「フィギュアスケート世界選手権2017」で、羽生結弦選手が3年ぶりに世界王者となった。SPでは演技開始の遅れとジャンプのコンビネーションの失敗という2つのミスで5位スタートとなったが、そこからいかにして巻き返しに成功したのか。
「羽生選手は絶対にSP1位で折り返すと誰もが信じていたので、98.39点での5位には驚きました。しかも、2つのミス以外は完璧な出来だったにも関わらずです。1位のハビエル・フェルナンデス選手はもちろん、2位の宇野昌磨選手、3位のパトリック・チャン選手までが100点超えで、羽生選手と1位の差は10.66点でしたから、ファンにとっても本人にとっても衝撃だったと思います」(スポーツライター)
しかし、ここで技術的、戦略的な指導だけでなく、メンタルのサポート力でも定評のあるオーサーコーチが動いた。

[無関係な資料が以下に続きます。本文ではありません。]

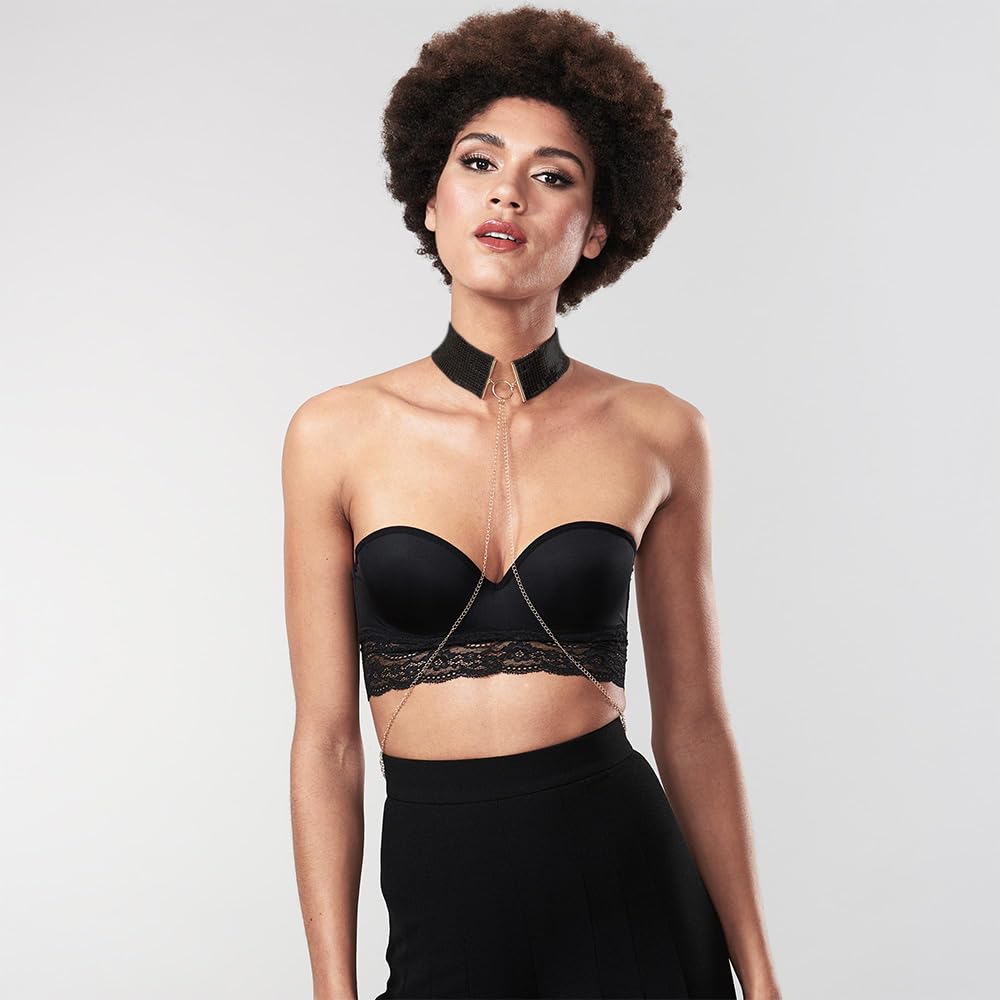 SB Bijoux Indiscrets Desir Met 11; Black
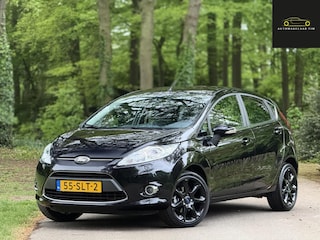 Ford Fiesta 1.4 Titanium aut. /1e eigenaar /Orig.NL /Lage km!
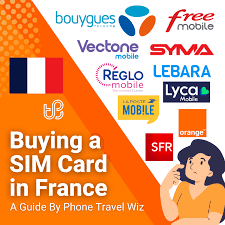 sim cards in france the best prepaid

「海外のインタビューで答えていたのですが、オーサーは羽生がSP後に落ち込んでいるのがわかっていたので、その晩は落ち込ませたままにしておいたそうです。翌日の練習で何とか自分の力を証明しようと必死の羽生選手にオーサーは、1回だけ練習しよう、ランスルー(通しげいこ)はやらないで、休む日だと考えるように言ったそうです。さらに練習を信じるように、リンクに来る時にはもう少し気楽な感じで、集中を緩めてくるようにと伝えたのだとか。羽生選手は、ほかならぬオーサーの言うことを素直に受け止めて、彼の言うとおりに過ごし、翌日にはほどよく気持ちが入った状態になったと言っていました」(女性誌ライター)
コーチとの信頼関係が、羽生選手を3年ぶりの王者奪還へ導いたのだ。